Un detalle que no se debe pasar por alto es que esta denuncia y reacción, ya sea sobre las discotecas o sobre Saga, es sobre todo un fenómeno urbano. Personas de la ciudad que denuncian el racismo e instituciones que reaccionan a la denuncia.

¿Qué ocurre en el campo? Este video circula en las redes sociales.

 

Una multitud de ciudadanos indígenas en estado de shock intenta denunciar que el Estado autorizó la construcción de una carretera sobre sus terrenos. ¿Cuántos comunicados oficiales ha generado su sufrimiento? Su estado de desesperación es comparable al de quienes afrontan tragedias mucho más «mediáticas»: terremotos, tsunamis, guerras. En América Latina el sufrimiento rural es menos noticioso, más tolerable, aceptable, lógico, y hasta necesario.

Algo está roto. Si nos preguntamos cuáles son las consecuencias de un sistema que privilegia lo blanco como superior, tenemos que atrevernos a pensar que la frialdad colectiva frente al sufrimiento indígena es producto del racismo. Ese racismo que, así como ubica lo blanco en la cúspide, nos lleva a creer que lo indígena es lo opuesto: lo bárbaro, lo salvaje, el pasado viviente. Los indígenas son gente no solo acostumbrada a llorar por nada sino que están contra el desarrollo. Ese es uno de los mitos racistas más brutales en un país cuya economía se basa, precisamente, en la explotación de los territorios donde viven esos ciudadanos.

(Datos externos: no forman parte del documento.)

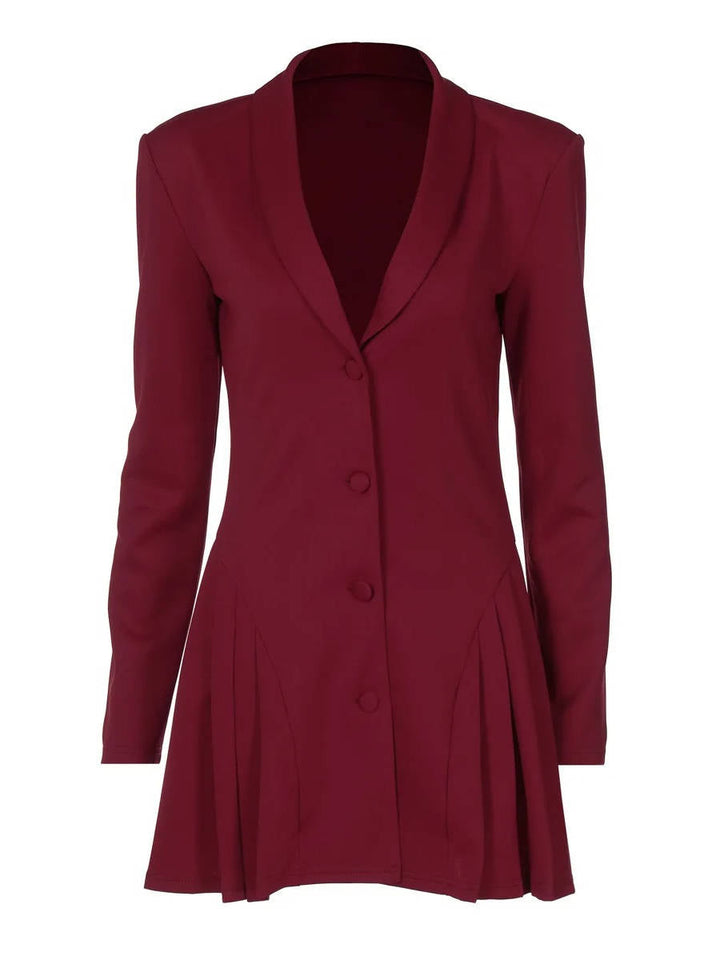 Bangs Plunge Neck Blazer Dress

Las ideas racistas son herramientas que permiten la expansión de este modelo extractivista. La denuncia del racismo tiene que atreverse a explorar los tabúes más profundos del sistema y formar cadenas de solidaridad que conecten las voces de la ciudad con las del campo. El racismo no es solo el insulto ni el estereotipo que salpica desde la televisión. Es uno de los pilares que sostienen la crisis contemporánea.

1 Comentario

  1. A T dice:

    Así es. Y no nos olvidemos que ese desarrollo o «progreso» de origen europeo está revelando cada vez más su carácter efímero y acabará con muchas de aquellas comodidades simbólico-materiales a las que las culturas occidental y occidentalizada se han acostumbrado, tanto en su versión urbana como campestre. En este caso, revelar el racismo es desterrar la violencia simbólica y material a partir de la cual se han erigido las naciones modernas de América. También es desterrar formas de vida social que pueden ayudar a este mundo en crisis pensar qué es lo que realmente necesita hacer la humanidad para llegar al siguiente siglo, que no será por medio del «desarrollo» y la represión de miradas cuyo acervo cultural contiene como mínimo algunas de las claves fundamentales.